____ Data to examine

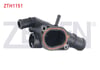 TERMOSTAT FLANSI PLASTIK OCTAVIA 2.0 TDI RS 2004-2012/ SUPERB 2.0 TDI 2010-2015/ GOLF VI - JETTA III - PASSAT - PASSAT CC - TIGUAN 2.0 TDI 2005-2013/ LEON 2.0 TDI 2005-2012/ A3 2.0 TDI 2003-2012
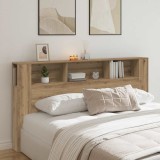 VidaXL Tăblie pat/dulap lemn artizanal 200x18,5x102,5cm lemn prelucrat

________
____ Data to examine

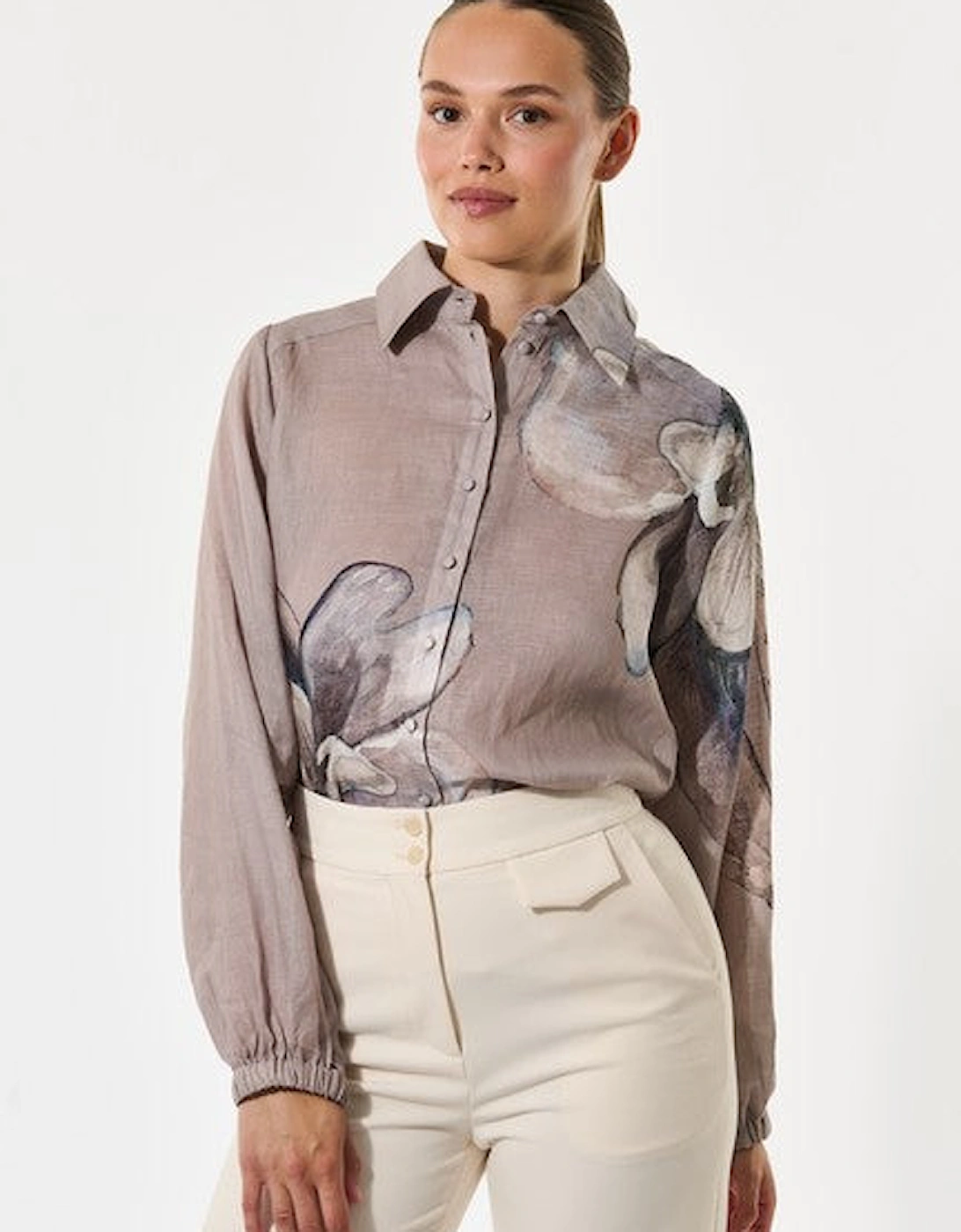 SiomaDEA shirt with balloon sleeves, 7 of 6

________

*What you should do*:
Above are some records. Output exactly the lines from the one that contains "TERMOSTAT FLANSI PLASTIK" to the one that contains "VidaXL Tăblie pat/dulap", keeping both, and omit the pictures.

*Task solution*:
 TERMOSTAT FLANSI PLASTIK OCTAVIA 2.0 TDI RS 2004-2012/ SUPERB 2.0 TDI 2010-2015/ GOLF VI - JETTA III - PASSAT - PASSAT CC - TIGUAN 2.0 TDI 2005-2013/ LEON 2.0 TDI 2005-2012/ A3 2.0 TDI 2003-2012
 VidaXL Tăblie pat/dulap lemn artizanal 200x18,5x102,5cm lemn prelucrat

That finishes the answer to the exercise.